WHAT IS EXPECTED: Every entry that follows should be reproduced exactly.

THE DATA:

____________

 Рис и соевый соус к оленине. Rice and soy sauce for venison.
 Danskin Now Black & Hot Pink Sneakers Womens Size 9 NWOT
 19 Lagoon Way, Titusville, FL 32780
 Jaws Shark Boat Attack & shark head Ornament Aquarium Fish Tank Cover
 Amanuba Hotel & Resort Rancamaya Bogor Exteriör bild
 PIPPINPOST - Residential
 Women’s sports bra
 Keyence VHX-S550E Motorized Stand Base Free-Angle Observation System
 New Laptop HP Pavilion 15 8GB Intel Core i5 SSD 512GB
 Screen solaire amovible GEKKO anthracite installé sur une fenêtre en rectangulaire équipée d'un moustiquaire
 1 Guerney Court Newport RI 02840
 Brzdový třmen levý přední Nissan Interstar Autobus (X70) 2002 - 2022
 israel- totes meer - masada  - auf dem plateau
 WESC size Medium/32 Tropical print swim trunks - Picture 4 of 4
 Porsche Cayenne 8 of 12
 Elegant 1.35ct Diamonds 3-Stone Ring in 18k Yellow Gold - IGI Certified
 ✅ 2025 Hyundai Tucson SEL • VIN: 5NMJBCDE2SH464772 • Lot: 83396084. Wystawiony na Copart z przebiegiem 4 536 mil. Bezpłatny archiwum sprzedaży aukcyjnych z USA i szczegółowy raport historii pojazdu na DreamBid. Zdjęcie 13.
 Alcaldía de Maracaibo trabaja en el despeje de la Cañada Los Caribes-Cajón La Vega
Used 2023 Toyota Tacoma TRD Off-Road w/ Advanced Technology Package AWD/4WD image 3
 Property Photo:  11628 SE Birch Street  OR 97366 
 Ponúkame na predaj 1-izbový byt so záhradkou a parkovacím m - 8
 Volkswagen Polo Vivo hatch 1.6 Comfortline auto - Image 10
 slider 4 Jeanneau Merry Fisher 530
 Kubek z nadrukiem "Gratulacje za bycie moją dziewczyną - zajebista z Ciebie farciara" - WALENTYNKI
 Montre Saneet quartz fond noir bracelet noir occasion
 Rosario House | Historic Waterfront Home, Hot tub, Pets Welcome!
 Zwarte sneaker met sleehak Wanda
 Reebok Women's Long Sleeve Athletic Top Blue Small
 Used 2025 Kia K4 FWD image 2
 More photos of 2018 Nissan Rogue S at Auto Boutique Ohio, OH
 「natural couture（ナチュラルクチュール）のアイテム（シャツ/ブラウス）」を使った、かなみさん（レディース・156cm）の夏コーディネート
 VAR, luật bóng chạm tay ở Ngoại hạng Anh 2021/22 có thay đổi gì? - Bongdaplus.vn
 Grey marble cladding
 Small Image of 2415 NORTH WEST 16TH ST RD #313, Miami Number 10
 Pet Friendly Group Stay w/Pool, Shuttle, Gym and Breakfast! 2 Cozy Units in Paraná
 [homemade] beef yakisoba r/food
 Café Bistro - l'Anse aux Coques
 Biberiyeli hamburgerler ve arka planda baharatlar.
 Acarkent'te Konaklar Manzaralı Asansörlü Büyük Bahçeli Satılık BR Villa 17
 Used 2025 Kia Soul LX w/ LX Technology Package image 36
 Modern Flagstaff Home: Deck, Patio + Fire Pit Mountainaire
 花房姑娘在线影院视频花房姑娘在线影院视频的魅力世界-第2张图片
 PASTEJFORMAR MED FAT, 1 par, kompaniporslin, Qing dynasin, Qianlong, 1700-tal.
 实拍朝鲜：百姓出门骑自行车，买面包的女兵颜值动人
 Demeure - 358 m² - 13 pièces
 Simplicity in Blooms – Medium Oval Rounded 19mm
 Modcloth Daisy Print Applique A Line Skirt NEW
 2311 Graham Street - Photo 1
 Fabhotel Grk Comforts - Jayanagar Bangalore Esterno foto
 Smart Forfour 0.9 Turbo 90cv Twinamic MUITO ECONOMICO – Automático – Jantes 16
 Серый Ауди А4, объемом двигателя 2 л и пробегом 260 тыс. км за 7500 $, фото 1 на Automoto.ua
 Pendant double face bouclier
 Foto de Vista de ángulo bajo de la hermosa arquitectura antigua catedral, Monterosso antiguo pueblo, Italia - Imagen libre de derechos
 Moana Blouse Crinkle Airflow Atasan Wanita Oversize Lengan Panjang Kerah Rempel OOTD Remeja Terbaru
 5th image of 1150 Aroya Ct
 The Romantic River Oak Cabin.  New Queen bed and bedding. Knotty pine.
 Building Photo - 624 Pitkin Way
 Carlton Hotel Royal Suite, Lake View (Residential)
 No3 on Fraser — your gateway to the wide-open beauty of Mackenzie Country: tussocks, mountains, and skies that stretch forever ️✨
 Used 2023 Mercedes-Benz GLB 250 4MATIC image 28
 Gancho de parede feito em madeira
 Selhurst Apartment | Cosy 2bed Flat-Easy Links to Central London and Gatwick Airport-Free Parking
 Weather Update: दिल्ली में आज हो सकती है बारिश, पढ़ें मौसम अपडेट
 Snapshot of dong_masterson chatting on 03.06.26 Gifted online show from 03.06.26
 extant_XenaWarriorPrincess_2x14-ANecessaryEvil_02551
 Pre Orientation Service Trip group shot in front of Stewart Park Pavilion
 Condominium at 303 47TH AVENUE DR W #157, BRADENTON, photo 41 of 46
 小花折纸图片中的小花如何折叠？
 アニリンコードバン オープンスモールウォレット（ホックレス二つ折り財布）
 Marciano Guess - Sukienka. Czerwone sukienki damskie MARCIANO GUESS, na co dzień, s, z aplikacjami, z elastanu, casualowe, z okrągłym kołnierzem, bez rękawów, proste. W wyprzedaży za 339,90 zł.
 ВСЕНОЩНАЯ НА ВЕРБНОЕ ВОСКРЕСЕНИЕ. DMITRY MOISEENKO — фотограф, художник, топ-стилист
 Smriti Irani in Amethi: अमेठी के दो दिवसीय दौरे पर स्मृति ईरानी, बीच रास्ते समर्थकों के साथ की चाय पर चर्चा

____________

WORKED SOLUTION:
 Рис и соевый соус к оленине. Rice and soy sauce for venison.
 Danskin Now Black & Hot Pink Sneakers Womens Size 9 NWOT
 19 Lagoon Way, Titusville, FL 32780
 Jaws Shark Boat Attack & shark head Ornament Aquarium Fish Tank Cover
 Amanuba Hotel & Resort Rancamaya Bogor Exteriör bild
 PIPPINPOST - Residential
 Women’s sports bra
 Keyence VHX-S550E Motorized Stand Base Free-Angle Observation System
 New Laptop HP Pavilion 15 8GB Intel Core i5 SSD 512GB
 Screen solaire amovible GEKKO anthracite installé sur une fenêtre en rectangulaire équipée d'un moustiquaire
 1 Guerney Court Newport RI 02840
 Brzdový třmen levý přední Nissan Interstar Autobus (X70) 2002 - 2022
 israel- totes meer - masada  - auf dem plateau
 WESC size Medium/32 Tropical print swim trunks - Picture 4 of 4
 Porsche Cayenne 8 of 12
 Elegant 1.35ct Diamonds 3-Stone Ring in 18k Yellow Gold - IGI Certified
 ✅ 2025 Hyundai Tucson SEL • VIN: 5NMJBCDE2SH464772 • Lot: 83396084. Wystawiony na Copart z przebiegiem 4 536 mil. Bezpłatny archiwum sprzedaży aukcyjnych z USA i szczegółowy raport historii pojazdu na DreamBid. Zdjęcie 13.
 Alcaldía de Maracaibo trabaja en el despeje de la Cañada Los Caribes-Cajón La Vega
Used 2023 Toyota Tacoma TRD Off-Road w/ Advanced Technology Package AWD/4WD image 3
 Property Photo:  11628 SE Birch Street  OR 97366 
 Ponúkame na predaj 1-izbový byt so záhradkou a parkovacím m - 8
 Volkswagen Polo Vivo hatch 1.6 Comfortline auto - Image 10
 slider 4 Jeanneau Merry Fisher 530
 Kubek z nadrukiem "Gratulacje za bycie moją dziewczyną - zajebista z Ciebie farciara" - WALENTYNKI
 Montre Saneet quartz fond noir bracelet noir occasion
 Rosario House | Historic Waterfront Home, Hot tub, Pets Welcome!
 Zwarte sneaker met sleehak Wanda
 Reebok Women's Long Sleeve Athletic Top Blue Small
 Used 2025 Kia K4 FWD image 2
 More photos of 2018 Nissan Rogue S at Auto Boutique Ohio, OH
 「natural couture（ナチュラルクチュール）のアイテム（シャツ/ブラウス）」を使った、かなみさん（レディース・156cm）の夏コーディネート
 VAR, luật bóng chạm tay ở Ngoại hạng Anh 2021/22 có thay đổi gì? - Bongdaplus.vn
 Grey marble cladding
 Small Image of 2415 NORTH WEST 16TH ST RD #313, Miami Number 10
 Pet Friendly Group Stay w/Pool, Shuttle, Gym and Breakfast! 2 Cozy Units in Paraná
 [homemade] beef yakisoba r/food
 Café Bistro - l'Anse aux Coques
 Biberiyeli hamburgerler ve arka planda baharatlar.
 Acarkent'te Konaklar Manzaralı Asansörlü Büyük Bahçeli Satılık BR Villa 17
 Used 2025 Kia Soul LX w/ LX Technology Package image 36
 Modern Flagstaff Home: Deck, Patio + Fire Pit Mountainaire
 花房姑娘在线影院视频花房姑娘在线影院视频的魅力世界-第2张图片
 PASTEJFORMAR MED FAT, 1 par, kompaniporslin, Qing dynasin, Qianlong, 1700-tal.
 实拍朝鲜：百姓出门骑自行车，买面包的女兵颜值动人
 Demeure - 358 m² - 13 pièces
 Simplicity in Blooms – Medium Oval Rounded 19mm
 Modcloth Daisy Print Applique A Line Skirt NEW
 2311 Graham Street - Photo 1
 Fabhotel Grk Comforts - Jayanagar Bangalore Esterno foto
 Smart Forfour 0.9 Turbo 90cv Twinamic MUITO ECONOMICO – Automático – Jantes 16
 Серый Ауди А4, объемом двигателя 2 л и пробегом 260 тыс. км за 7500 $, фото 1 на Automoto.ua
 Pendant double face bouclier
 Foto de Vista de ángulo bajo de la hermosa arquitectura antigua catedral, Monterosso antiguo pueblo, Italia - Imagen libre de derechos
 Moana Blouse Crinkle Airflow Atasan Wanita Oversize Lengan Panjang Kerah Rempel OOTD Remeja Terbaru
 5th image of 1150 Aroya Ct
 The Romantic River Oak Cabin.  New Queen bed and bedding. Knotty pine.
 Building Photo - 624 Pitkin Way
 Carlton Hotel Royal Suite, Lake View (Residential)
 No3 on Fraser — your gateway to the wide-open beauty of Mackenzie Country: tussocks, mountains, and skies that stretch forever ️✨
 Used 2023 Mercedes-Benz GLB 250 4MATIC image 28
 Gancho de parede feito em madeira
 Selhurst Apartment | Cosy 2bed Flat-Easy Links to Central London and Gatwick Airport-Free Parking
 Weather Update: दिल्ली में आज हो सकती है बारिश, पढ़ें मौसम अपडेट
 Snapshot of dong_masterson chatting on 03.06.26 Gifted online show from 03.06.26
 extant_XenaWarriorPrincess_2x14-ANecessaryEvil_02551
 Pre Orientation Service Trip group shot in front of Stewart Park Pavilion
 Condominium at 303 47TH AVENUE DR W #157, BRADENTON, photo 41 of 46
 小花折纸图片中的小花如何折叠？
 アニリンコードバン オープンスモールウォレット（ホックレス二つ折り財布）
 Marciano Guess - Sukienka. Czerwone sukienki damskie MARCIANO GUESS, na co dzień, s, z aplikacjami, z elastanu, casualowe, z okrągłym kołnierzem, bez rękawów, proste. W wyprzedaży za 339,90 zł.
 ВСЕНОЩНАЯ НА ВЕРБНОЕ ВОСКРЕСЕНИЕ. DMITRY MOISEENKO — фотограф, художник, топ-стилист
 Smriti Irani in Amethi: अमेठी के दो दिवसीय दौरे पर स्मृति ईरानी, बीच रास्ते समर्थकों के साथ की चाय पर चर्चा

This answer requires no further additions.